**Activity**
Copy all lines below that use the word "Home".

[Dataset excerpts]
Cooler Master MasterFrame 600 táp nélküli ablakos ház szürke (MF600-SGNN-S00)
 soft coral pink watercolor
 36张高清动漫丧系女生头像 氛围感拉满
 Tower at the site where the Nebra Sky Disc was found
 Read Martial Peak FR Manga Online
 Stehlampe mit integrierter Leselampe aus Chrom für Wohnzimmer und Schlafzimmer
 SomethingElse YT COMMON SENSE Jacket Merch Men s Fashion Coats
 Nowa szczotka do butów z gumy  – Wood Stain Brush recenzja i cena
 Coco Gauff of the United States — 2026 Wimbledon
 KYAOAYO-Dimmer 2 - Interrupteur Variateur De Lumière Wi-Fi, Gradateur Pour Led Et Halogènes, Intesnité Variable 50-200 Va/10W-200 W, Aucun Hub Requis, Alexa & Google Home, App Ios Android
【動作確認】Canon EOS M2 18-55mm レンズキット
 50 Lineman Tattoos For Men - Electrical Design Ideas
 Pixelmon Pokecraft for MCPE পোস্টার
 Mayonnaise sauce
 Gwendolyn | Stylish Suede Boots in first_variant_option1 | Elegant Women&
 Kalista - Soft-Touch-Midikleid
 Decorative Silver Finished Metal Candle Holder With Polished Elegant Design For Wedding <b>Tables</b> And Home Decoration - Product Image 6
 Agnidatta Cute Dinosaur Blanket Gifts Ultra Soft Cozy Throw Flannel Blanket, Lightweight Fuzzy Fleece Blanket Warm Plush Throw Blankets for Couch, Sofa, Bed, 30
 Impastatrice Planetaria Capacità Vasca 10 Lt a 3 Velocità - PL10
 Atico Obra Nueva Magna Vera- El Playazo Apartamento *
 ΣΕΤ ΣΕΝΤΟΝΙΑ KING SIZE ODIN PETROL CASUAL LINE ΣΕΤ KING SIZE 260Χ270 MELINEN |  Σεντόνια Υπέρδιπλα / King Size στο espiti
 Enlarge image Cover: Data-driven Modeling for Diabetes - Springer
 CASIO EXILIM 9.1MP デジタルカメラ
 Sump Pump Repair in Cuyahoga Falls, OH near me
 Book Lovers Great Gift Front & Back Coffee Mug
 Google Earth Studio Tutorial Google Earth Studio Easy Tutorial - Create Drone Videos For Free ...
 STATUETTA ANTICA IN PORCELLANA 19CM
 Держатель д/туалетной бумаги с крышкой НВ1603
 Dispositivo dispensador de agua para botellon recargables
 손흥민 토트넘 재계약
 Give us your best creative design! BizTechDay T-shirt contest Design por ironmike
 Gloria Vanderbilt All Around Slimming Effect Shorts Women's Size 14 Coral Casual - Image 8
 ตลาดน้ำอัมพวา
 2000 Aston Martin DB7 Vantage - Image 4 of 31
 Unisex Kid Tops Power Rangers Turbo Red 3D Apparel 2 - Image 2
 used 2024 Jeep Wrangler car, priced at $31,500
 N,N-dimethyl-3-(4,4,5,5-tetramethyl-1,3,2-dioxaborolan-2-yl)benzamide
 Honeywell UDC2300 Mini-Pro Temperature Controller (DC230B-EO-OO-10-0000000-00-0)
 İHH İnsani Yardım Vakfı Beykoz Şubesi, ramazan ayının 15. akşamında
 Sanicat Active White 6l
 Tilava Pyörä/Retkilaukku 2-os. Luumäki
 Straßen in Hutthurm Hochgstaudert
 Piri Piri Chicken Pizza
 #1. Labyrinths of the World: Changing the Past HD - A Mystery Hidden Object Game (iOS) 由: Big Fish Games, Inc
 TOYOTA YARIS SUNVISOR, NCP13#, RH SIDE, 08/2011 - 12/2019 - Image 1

**Answer space**
 KYAOAYO-Dimmer 2 - Interrupteur Variateur De Lumière Wi-Fi, Gradateur Pour Led Et Halogènes, Intesnité Variable 50-200 Va/10W-200 W, Aucun Hub Requis, Alexa & Google Home, App Ios Android
 Decorative Silver Finished Metal Candle Holder With Polished Elegant Design For Wedding <b>Tables</b> And Home Decoration - Product Image 6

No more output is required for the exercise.